▶ **Work to complete**
An unchanged copy of all the lines below is expected, and it should contain no pictures.
─── Information shown ───
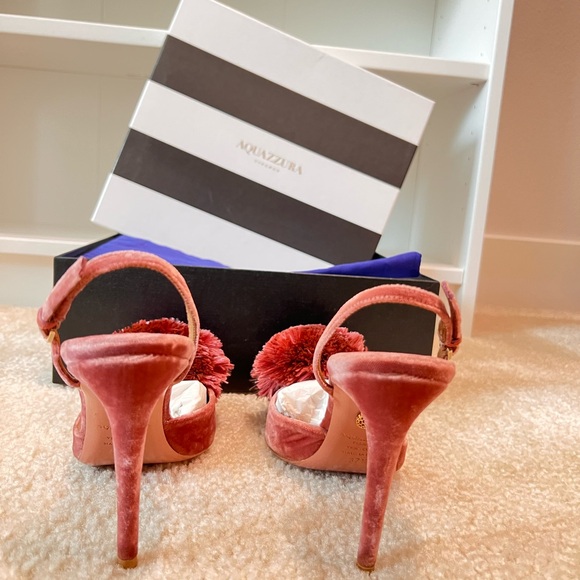 Aquazzura antique rose prowler puff sling - Picture 3 of 8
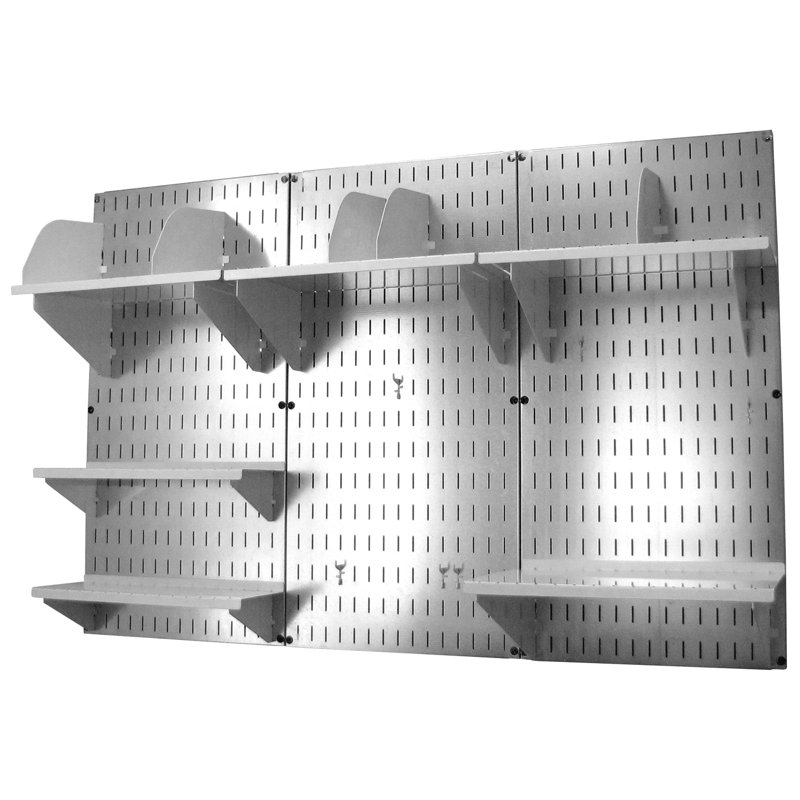 Wall Control 48" x 32" x 9" Office Wall Mount Desk Storage and Organization Kit & Reviews Wayfair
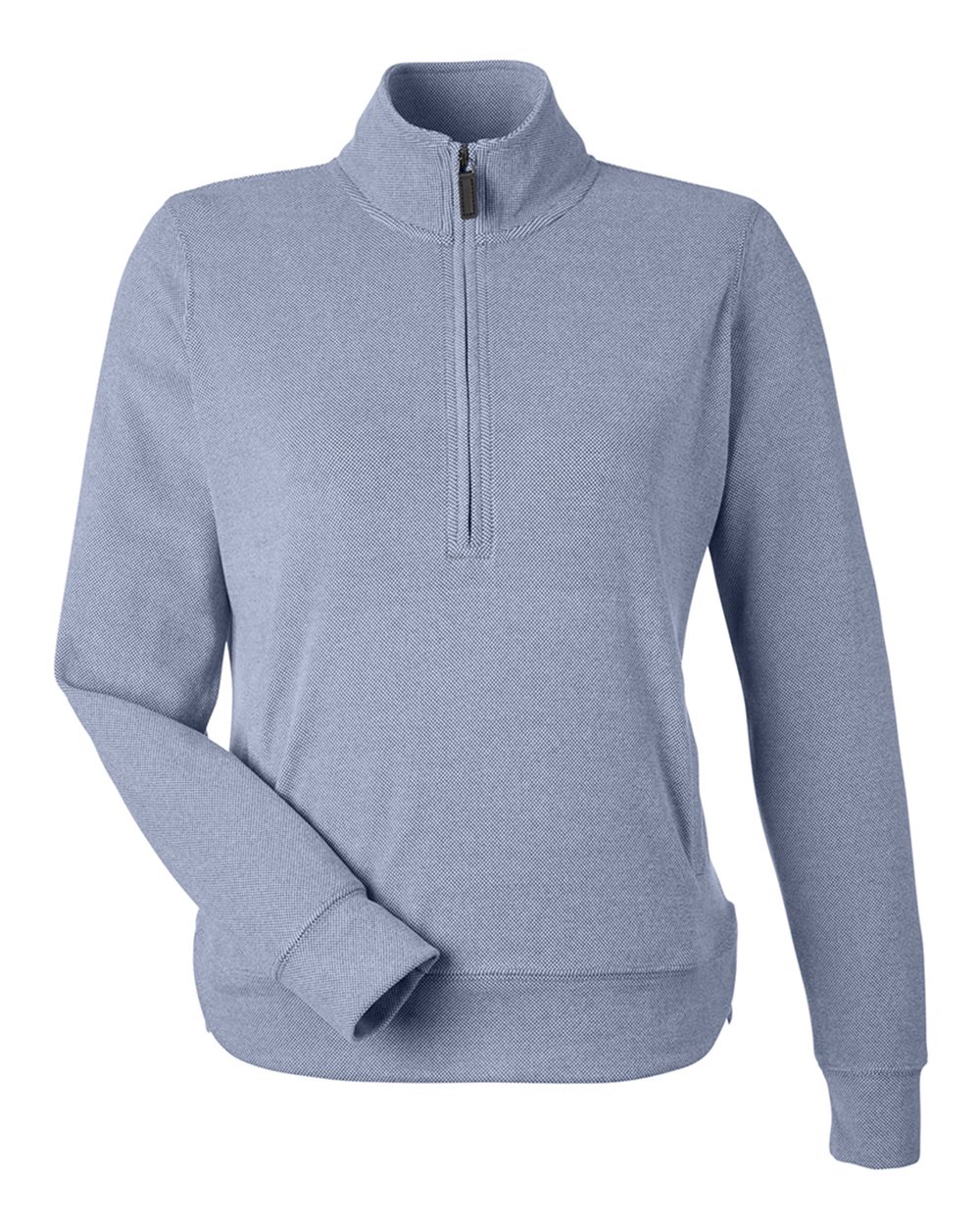 Front View of Navy Women's Element Fleece Quarter-Zip Sweatshirt - 8762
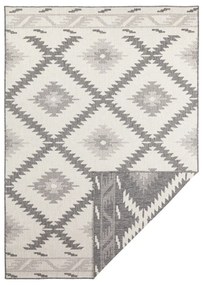 Malibu szürke-krémszínű kültéri szőnyeg, 170 x 120 cm - NORTHRUGS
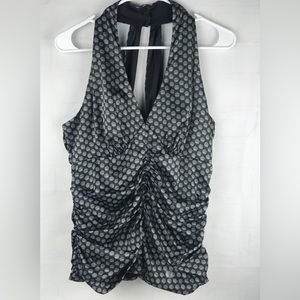 NWT: Express- Womens Halter Blouse- Grey-sz 12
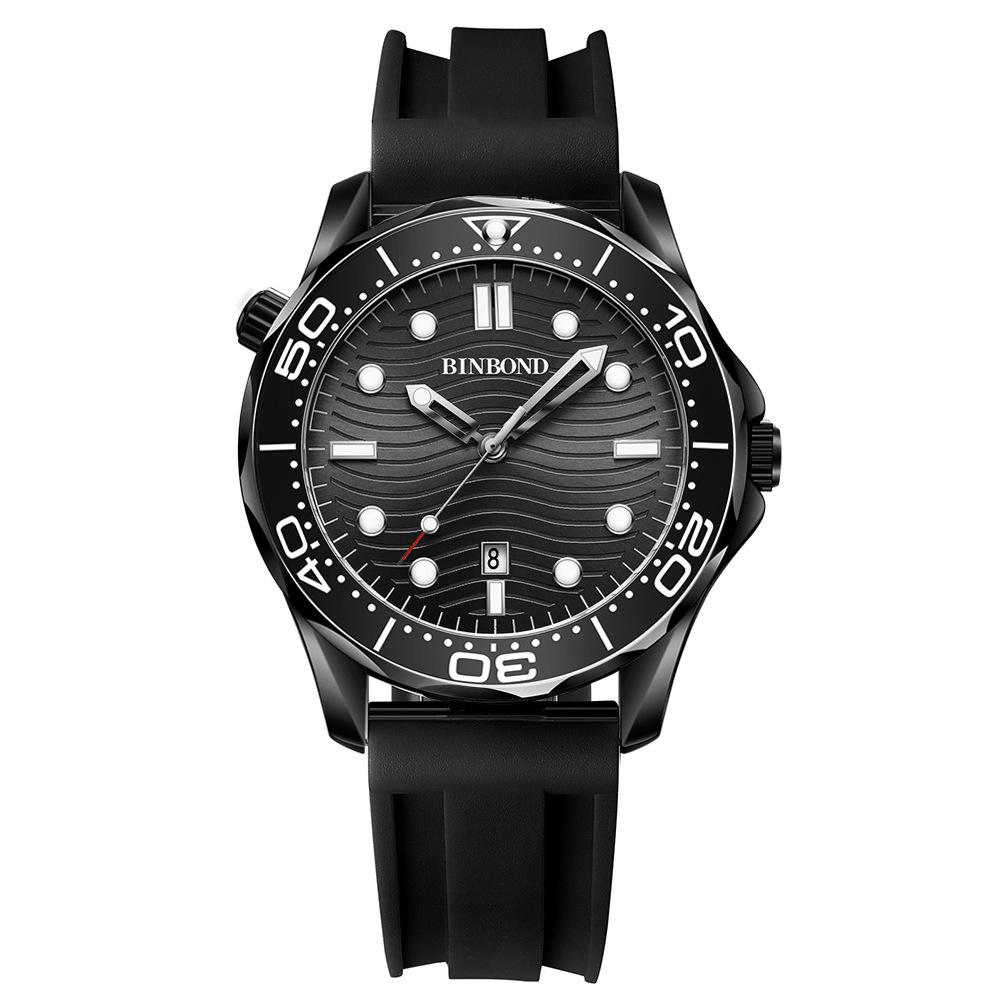 Binbond Luxury Men s Quartz Watch – Waterproof, Luminous, Rotating Dial
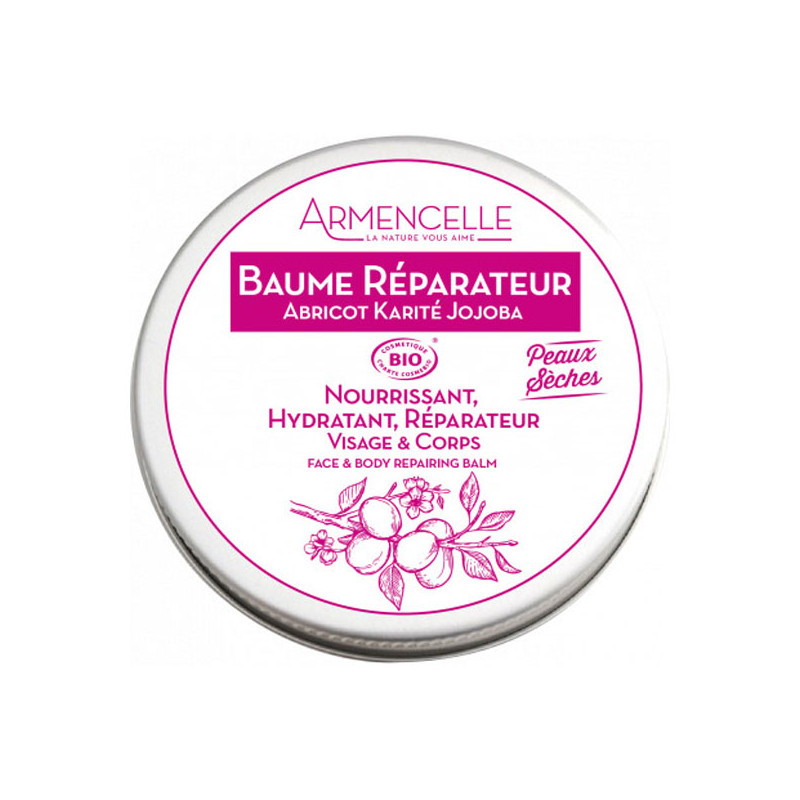 Armancelle Baume Réparateur Hydratant bio 80gr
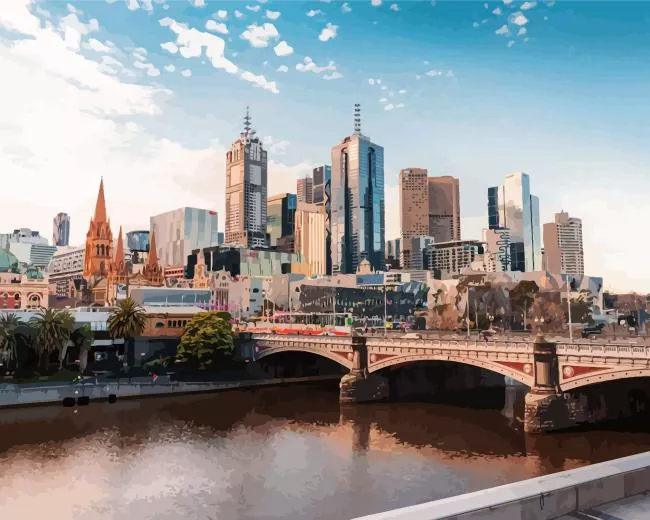 Melbourne bridge Diamond Paints Melbourne Bridge Diamond Painting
───
▶ **Answer box**
 Aquazzura antique rose prowler puff sling - Picture 3 of 8
 Wall Control 48" x 32" x 9" Office Wall Mount Desk Storage and Organization Kit & Reviews Wayfair
 Front View of Navy Women's Element Fleece Quarter-Zip Sweatshirt - 8762
 Malibu szürke-krémszínű kültéri szőnyeg, 170 x 120 cm - NORTHRUGS
 NWT: Express- Womens Halter Blouse- Grey-sz 12
 Binbond Luxury Men s Quartz Watch – Waterproof, Luminous, Rotating Dial
 Armancelle Baume Réparateur Hydratant bio 80gr
 Melbourne bridge Diamond Paints Melbourne Bridge Diamond Painting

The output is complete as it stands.